+++ RECORDS TO PROCESS +++

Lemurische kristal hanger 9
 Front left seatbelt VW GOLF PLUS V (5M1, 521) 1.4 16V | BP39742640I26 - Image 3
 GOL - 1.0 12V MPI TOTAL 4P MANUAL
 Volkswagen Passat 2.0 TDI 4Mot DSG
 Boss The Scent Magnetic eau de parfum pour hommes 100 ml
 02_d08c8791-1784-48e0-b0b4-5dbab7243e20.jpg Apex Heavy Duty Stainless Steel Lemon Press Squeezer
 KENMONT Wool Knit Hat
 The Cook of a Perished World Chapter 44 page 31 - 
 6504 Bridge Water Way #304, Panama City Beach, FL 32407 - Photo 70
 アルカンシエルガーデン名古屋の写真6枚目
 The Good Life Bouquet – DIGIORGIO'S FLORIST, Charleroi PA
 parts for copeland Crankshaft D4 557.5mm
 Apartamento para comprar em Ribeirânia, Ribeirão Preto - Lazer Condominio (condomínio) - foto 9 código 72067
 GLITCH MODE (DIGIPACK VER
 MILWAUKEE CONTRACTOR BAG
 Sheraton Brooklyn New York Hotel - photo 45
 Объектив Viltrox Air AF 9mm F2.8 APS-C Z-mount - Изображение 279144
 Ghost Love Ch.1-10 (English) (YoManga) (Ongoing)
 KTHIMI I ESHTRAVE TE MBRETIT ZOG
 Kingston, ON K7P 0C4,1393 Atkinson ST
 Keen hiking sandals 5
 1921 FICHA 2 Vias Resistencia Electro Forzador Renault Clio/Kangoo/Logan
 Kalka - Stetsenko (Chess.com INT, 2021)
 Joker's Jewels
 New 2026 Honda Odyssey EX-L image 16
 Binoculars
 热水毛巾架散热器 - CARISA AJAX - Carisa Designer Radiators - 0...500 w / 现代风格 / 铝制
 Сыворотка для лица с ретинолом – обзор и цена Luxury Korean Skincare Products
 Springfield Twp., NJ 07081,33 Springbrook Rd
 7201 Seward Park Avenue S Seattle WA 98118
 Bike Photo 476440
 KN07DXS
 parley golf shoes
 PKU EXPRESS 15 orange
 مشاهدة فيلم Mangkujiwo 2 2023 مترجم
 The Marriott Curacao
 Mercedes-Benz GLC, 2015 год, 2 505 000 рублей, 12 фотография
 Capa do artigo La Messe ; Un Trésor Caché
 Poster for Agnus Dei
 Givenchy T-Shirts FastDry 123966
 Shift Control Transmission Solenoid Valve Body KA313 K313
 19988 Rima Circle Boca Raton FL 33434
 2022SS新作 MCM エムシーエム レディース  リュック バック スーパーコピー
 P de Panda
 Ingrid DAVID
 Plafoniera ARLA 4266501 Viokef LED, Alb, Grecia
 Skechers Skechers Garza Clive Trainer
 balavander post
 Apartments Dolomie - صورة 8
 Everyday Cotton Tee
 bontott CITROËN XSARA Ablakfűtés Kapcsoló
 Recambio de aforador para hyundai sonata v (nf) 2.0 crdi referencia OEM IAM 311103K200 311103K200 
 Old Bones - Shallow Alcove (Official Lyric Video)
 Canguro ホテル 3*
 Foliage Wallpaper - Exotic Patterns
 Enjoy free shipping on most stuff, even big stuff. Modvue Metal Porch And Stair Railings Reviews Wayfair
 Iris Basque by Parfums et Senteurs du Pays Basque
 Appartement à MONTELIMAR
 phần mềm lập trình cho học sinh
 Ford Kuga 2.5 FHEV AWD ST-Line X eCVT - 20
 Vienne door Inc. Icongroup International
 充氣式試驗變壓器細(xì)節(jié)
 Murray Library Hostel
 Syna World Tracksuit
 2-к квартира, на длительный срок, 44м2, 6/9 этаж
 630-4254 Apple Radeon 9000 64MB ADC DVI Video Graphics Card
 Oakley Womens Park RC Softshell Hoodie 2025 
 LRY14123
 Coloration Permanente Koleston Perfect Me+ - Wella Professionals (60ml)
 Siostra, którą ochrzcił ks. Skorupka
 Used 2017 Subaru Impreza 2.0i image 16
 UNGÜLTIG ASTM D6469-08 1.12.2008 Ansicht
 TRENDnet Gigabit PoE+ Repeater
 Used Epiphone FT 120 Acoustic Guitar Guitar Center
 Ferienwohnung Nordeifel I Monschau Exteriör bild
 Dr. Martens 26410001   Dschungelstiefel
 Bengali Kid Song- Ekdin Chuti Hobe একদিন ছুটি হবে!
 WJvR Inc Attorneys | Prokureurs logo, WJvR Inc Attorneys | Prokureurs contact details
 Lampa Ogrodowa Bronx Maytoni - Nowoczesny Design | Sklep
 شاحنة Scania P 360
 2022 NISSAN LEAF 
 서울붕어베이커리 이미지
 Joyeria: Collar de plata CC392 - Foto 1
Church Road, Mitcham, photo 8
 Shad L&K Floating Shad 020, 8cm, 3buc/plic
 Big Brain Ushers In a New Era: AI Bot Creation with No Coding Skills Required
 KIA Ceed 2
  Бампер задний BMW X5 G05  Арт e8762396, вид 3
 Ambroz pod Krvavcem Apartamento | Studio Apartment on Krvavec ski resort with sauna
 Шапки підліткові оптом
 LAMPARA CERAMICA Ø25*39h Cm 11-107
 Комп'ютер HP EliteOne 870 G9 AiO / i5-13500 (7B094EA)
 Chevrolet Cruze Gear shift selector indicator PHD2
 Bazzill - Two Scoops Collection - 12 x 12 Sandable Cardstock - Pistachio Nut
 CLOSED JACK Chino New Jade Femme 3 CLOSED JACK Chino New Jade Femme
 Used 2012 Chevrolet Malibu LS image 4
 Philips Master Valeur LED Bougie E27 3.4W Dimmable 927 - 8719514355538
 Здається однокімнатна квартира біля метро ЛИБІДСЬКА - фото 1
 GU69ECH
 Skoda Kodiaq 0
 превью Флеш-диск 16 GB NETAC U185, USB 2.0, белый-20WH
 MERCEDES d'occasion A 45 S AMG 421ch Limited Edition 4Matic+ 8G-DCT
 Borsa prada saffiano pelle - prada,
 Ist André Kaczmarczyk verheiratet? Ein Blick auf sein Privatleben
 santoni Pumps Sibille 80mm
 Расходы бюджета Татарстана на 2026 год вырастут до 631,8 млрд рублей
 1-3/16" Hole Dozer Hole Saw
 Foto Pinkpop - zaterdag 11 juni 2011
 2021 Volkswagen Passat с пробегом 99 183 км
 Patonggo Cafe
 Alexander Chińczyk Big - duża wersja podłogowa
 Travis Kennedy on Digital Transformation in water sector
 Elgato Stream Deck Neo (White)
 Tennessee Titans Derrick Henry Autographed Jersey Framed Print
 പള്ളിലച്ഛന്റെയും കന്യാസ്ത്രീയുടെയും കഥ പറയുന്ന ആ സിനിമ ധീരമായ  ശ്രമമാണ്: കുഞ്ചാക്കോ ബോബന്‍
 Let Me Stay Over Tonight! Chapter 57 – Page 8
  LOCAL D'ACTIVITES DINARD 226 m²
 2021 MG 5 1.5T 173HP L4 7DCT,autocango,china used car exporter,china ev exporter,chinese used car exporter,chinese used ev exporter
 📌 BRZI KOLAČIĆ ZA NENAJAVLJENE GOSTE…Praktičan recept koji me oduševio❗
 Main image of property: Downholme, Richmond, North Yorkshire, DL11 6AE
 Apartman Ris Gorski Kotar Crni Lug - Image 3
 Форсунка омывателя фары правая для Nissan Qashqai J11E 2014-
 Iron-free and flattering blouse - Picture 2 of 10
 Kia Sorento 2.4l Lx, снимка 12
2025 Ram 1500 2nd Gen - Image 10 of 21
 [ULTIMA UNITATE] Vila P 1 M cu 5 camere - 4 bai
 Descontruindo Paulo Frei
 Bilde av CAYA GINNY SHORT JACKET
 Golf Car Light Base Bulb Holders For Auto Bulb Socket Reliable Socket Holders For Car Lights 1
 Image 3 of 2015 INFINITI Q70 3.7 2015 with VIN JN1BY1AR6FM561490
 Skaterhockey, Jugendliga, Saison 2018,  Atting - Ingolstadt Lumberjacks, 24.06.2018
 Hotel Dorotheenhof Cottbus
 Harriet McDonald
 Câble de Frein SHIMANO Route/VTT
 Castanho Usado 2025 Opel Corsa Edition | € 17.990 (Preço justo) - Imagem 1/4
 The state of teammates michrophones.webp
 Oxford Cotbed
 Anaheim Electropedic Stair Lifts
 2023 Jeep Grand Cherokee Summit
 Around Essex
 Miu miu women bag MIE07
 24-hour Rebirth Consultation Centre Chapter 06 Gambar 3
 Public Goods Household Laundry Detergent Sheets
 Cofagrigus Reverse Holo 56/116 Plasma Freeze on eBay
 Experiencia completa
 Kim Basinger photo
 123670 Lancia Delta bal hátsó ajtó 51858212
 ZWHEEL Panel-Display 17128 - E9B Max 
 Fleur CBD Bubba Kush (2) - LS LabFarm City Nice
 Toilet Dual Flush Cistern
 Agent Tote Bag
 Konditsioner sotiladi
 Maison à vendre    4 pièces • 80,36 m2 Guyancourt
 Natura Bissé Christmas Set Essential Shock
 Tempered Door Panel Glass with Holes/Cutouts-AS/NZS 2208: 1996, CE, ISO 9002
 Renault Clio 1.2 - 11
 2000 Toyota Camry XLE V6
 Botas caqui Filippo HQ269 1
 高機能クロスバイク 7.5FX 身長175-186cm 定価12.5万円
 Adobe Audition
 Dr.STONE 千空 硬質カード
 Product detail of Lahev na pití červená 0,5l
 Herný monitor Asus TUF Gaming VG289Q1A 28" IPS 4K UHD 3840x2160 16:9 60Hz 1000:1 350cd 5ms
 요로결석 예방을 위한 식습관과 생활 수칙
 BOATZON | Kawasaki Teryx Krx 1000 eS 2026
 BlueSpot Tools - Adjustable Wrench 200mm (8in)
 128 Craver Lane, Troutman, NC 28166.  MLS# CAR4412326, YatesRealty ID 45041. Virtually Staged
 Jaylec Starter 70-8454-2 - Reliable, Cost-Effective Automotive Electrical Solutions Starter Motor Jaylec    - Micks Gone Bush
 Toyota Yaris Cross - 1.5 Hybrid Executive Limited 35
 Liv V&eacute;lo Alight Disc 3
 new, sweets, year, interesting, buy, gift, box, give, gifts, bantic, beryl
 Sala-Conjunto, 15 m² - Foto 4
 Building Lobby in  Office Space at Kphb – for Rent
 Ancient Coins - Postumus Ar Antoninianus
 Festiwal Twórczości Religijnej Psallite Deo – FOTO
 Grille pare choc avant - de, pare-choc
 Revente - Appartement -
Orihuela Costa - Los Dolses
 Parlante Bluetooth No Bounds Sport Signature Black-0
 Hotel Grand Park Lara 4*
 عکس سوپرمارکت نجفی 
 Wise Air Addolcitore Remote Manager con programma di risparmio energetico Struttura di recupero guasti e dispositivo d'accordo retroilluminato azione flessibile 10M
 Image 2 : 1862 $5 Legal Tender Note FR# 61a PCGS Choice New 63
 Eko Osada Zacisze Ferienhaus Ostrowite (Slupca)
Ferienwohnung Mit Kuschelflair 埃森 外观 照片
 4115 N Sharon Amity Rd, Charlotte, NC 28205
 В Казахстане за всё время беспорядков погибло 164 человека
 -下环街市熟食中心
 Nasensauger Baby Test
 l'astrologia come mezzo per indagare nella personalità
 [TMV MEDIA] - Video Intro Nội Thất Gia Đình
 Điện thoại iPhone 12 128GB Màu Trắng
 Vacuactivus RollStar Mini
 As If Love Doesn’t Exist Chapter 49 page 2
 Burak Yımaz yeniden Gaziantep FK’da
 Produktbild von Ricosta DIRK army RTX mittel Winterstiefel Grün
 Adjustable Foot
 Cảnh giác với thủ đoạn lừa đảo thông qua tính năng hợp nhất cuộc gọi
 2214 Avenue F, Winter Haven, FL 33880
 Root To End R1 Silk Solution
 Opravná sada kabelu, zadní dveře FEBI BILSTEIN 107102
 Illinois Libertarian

+++

WHAT THE TASK ASKS
The lines above from the one containing "Dr.STONE 千空 硬質カード" through the one containing "Ancient Coins - Postumus Ar Antoninianus" are to be set down exactly, and no others.

RESULT
 Dr.STONE 千空 硬質カード
 Product detail of Lahev na pití červená 0,5l
 Herný monitor Asus TUF Gaming VG289Q1A 28" IPS 4K UHD 3840x2160 16:9 60Hz 1000:1 350cd 5ms
 요로결석 예방을 위한 식습관과 생활 수칙
 BOATZON | Kawasaki Teryx Krx 1000 eS 2026
 BlueSpot Tools - Adjustable Wrench 200mm (8in)
 128 Craver Lane, Troutman, NC 28166.  MLS# CAR4412326, YatesRealty ID 45041. Virtually Staged
 Jaylec Starter 70-8454-2 - Reliable, Cost-Effective Automotive Electrical Solutions Starter Motor Jaylec    - Micks Gone Bush
 Toyota Yaris Cross - 1.5 Hybrid Executive Limited 35
 Liv V&eacute;lo Alight Disc 3
 new, sweets, year, interesting, buy, gift, box, give, gifts, bantic, beryl
 Sala-Conjunto, 15 m² - Foto 4
 Building Lobby in  Office Space at Kphb – for Rent
 Ancient Coins - Postumus Ar Antoninianus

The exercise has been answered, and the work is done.